You can obtain Paid Support Services if you need support on a priority basis, along with the direct access to our Paid Support management team.

@shreyap
There are many rows and columns in the worksheet. If FitToPagesTall and FitToPagesWide are set as 1, the print scale becomes 10% ( the min limit value). Everything should be scaled to 10%, so the width of column and height of row becomes very small. In order to ensure the minimum font size, cropping is necessary. And it’s hard to read the pdf.
If you only want to print all columns to one page, you can only set pageSetup.FitToPagesWide and remove pageSetup.FitToPagesTall = 1;

And you can set PdfSaveOptions.AllColumnsInOnePagePerSheet property as the following codes:

 // pageSetup.FitToPagesTall = 1;
 // pageSetup.FitToPagesWide = 1;
  saveOptions.AllColumnsInOnePagePerSheet = true;

@simon.zhao ,
I would like to have all rows and columns in single sheet

@shreyap,

In that case, you should use OnePagePerSheet of PdfSaveOptions instead. I tested using the following sample code (please try it) and it works fine and the output PDF is fine tuned (there is no truncated data (data loss) or other issue).
e.g.,
Sample code:

var tempFileName = "e:\\test2\\TestTrunk_new1.pdf";
Workbook workbook = new Workbook("e:\\test2\\TestTrunk.xlsx");
var worksheet = workbook.Worksheets[0];
worksheet.AutoFitRows();
worksheet.AutoFitColumns();
var saveOptions = new Aspose.Cells.PdfSaveOptions
{
    GridlineType = GridlineType.Hair,
    OptimizationType = PdfOptimizationType.MinimumSize,
    OnePagePerSheet = true 
         
};
var pageSetup = worksheet.PageSetup;
pageSetup.PrintHeadings = true;
pageSetup.Order = PrintOrderType.DownThenOver;
pageSetup.Orientation = PageOrientationType.Portrait;
pageSetup.PaperSize = PaperSizeType.PaperLetter;
pageSetup.PrintComments = PrintCommentsType.PrintSheetEnd;
pageSetup.BlackAndWhite = false;
pageSetup.HeaderMargin =0.3;
pageSetup.FooterMargin = 0.3;
pageSetup.PrintGridlines = true;

workbook.Save(tempFileName, saveOptions);

Please find attached the output PDF file for your reference.
TestTrunk_new1.pdf (264.1 KB)

Let us know if you find any issue with the output PDF?

@amjad.sahi
Thank you for the help. It solves the problem of truncating but I see that the page is scaled up to an unusually large size.
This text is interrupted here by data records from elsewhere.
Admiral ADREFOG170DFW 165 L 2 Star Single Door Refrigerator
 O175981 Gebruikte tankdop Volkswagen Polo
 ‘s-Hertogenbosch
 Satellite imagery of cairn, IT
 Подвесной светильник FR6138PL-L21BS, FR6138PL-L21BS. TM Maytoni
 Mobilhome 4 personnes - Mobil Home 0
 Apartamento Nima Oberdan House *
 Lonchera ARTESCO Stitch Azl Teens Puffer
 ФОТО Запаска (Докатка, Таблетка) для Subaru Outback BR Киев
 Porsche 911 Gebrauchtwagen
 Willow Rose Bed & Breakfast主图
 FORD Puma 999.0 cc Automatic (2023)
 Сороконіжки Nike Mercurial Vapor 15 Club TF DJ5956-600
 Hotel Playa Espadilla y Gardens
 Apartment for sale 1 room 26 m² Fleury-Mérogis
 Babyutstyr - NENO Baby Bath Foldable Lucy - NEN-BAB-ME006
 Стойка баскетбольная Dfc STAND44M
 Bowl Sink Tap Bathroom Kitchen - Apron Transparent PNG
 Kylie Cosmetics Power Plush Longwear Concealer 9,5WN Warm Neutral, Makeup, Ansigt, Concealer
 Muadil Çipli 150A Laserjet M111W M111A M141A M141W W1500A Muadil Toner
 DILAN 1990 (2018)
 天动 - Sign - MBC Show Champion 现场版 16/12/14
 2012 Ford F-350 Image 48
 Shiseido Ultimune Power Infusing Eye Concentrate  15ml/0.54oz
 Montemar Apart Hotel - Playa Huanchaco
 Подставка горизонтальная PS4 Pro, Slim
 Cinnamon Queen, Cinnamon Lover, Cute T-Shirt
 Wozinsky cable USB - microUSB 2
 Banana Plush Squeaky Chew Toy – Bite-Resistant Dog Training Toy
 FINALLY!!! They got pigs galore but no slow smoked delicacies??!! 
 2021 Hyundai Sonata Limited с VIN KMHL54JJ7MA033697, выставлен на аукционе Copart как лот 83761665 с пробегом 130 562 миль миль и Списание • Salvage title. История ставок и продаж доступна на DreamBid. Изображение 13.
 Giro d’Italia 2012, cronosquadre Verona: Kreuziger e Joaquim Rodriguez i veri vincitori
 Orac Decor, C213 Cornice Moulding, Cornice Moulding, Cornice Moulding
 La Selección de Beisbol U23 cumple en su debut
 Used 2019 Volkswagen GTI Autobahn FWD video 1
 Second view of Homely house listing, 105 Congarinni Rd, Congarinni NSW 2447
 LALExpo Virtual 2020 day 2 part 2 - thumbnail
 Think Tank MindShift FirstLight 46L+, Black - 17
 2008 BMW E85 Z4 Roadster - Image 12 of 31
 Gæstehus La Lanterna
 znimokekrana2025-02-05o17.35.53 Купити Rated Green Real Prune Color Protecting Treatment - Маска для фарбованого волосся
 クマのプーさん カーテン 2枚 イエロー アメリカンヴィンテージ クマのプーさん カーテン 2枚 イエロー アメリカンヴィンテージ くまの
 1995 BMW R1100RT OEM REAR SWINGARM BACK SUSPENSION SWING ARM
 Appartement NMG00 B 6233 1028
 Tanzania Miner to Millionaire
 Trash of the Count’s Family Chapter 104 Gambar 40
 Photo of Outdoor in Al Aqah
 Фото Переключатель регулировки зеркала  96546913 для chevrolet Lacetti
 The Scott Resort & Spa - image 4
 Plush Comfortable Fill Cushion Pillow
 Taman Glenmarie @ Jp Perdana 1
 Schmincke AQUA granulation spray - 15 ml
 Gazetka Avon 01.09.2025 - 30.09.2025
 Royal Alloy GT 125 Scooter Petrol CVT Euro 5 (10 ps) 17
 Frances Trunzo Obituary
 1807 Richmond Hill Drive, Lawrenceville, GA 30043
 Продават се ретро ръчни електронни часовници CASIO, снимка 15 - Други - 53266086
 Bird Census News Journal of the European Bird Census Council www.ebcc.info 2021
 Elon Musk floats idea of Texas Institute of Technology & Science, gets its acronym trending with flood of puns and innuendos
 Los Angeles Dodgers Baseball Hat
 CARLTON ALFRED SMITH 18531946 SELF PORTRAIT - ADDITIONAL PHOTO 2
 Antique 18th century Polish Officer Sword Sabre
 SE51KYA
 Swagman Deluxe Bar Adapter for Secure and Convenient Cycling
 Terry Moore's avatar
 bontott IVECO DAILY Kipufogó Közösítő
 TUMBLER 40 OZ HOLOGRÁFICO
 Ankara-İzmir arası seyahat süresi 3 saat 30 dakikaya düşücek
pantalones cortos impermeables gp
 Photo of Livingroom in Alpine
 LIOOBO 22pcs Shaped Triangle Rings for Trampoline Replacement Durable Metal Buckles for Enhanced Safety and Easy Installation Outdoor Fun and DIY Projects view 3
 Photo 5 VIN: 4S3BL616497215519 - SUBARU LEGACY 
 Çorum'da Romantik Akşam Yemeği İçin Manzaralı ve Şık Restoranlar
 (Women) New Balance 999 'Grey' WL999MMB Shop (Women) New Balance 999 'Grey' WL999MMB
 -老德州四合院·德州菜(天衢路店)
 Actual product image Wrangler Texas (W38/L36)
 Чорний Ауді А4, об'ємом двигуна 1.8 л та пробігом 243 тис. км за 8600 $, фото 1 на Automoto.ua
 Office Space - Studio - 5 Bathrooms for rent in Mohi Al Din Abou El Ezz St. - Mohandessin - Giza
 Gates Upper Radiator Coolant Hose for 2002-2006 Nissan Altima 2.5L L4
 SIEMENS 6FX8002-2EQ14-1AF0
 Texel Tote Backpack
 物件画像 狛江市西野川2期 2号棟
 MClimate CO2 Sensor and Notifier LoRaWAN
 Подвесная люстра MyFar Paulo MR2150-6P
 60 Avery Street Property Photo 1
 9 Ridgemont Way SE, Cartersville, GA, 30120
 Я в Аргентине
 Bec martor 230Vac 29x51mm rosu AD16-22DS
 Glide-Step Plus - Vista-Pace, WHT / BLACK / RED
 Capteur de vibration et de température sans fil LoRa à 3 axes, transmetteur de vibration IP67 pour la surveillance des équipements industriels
It is not honoring the paperSize value which I have set to letter.

@shreyap
Thank you for your feedback. We will further investigate your issue. In addition, if you want to put all the data on the worksheet on one page, it will inevitably cause a crowded situation, and you can only see the clear data by zooming in when viewing the PDF.

@John.He , I understand that it is difficult to add so much content in a single sheet. We are ready to zoom in and look at it but we do not want the data to be truncated.

@shreyap ,

It is the feature of OnePagePerSheet, the paper size set in page setup is ignored when OnePagePerSheet is set to true.

When the minimum zoom 10% is set to the sheet, there may be some issues here and there. If you try it in Excel, and manually save the file to pdf in Excel. You will find that the pdf generated by Excel loses lots of data.
Anyway, we will investigate it further to see whether we can improve the output pdf.